R. Pastrana www.hispaniaromana.es diciembre 2008
El instinto y la carne. Moral y costumbres sexuales en Roma.
No está demostrado, pero se dice que Domenico Fontana, descubridor accidental de Pompeya en 1550, se escandalizó tanto con lo que halló en la ciudad sepultada que decidió devolverla al subsuelo.
Esta hipótesis la propagaron quienes, cientos de años después, rescataron lo que había sido cubierto dos veces. En sus informes, algunos arqueólogos afirmaban que, en ciertas partes de la ciudad romana, se había excavado y vuelto a cubrir. Desde el principio, las sospechas apuntaron a Fontana, amigo personal del Papa Sixto V. Según esta teoría, el pío arquitecto andaba excavando un nuevo curso para el río Sarno cuando se topó con una ciudad casi olvidada en la que pétreos miembros erectos indicaban el camino a los burdeles y en donde las paredes mostraban crudamente posturas, gustos y prácticas sexuales muy diversas.
Los restos arqueológicos nos confirman algo que los autores satíricos ya dejaban bien claro: los romanos eran explícitos a la hora de hablar de sexo.
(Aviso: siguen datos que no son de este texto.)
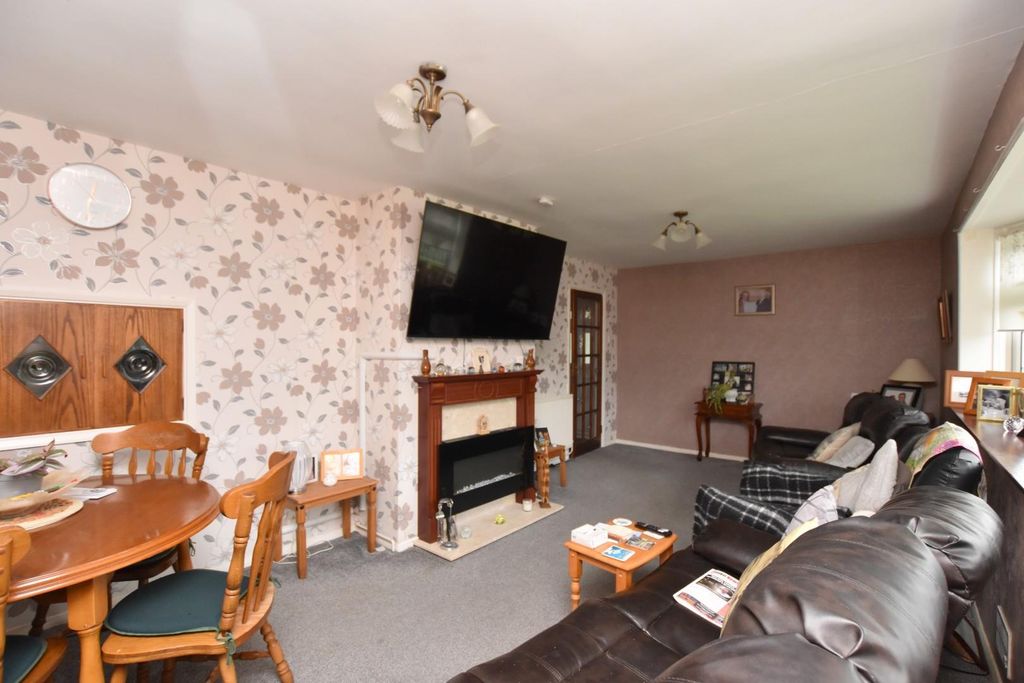 Property photo 2 of 19 Dsc_0063.Jpg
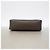 Louis Vuitton Damier Trousse Makeup Bag/Pouch N51982 Ebene Damier ebene - vista 3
Sin tapujos ni prejuicios, las escenas amatorias cubrían desde las paredes de los burdeles hasta exquisitos frescos y cráteras de las casas señoriales, a la vista de los moradores y las visitas.
La naturalidad con la que la faceta carnal aparece en calles y casas pompeyanas contrasta con el velo que el cristianismo corrió sobre todo lo que tuviese algo de voluptuoso. Son legión los que piensan que la victoria de aquella oscura herejía judía supuso un gran retroceso en el disfrute de la sexualidad. En una reacción a la severa moral cristiana, la Roma pagana aparece como el reino de los sentidos, un lugar en el que la concupiscencia se podía satisfacer fácilmente.
Es cierto que la Ciudad Eterna no renegó del instinto carnal de la naturaleza humana. Pero también es cierto que era el hombre el tenía más posibilidades de buscar el placer. La mujer, a despecho de periodos de cierta liberación, estaba predestinada a ser propiedad del cabeza de familia (ya fuese el padre o el marido) y rehén de su prestigio.
Cuando se encierra a la mujer «de bien» en la jaula de su honor, las opciones de los jóvenes quedan reducidas a las profesionales del sexo y poco más. Quizá por eso los romanos nos han legado pocas obras en las que se hable de sentimiento: los elocuentes artistas de la entrepierna se volvían torpes adolescentes cuando hablaban del corazón.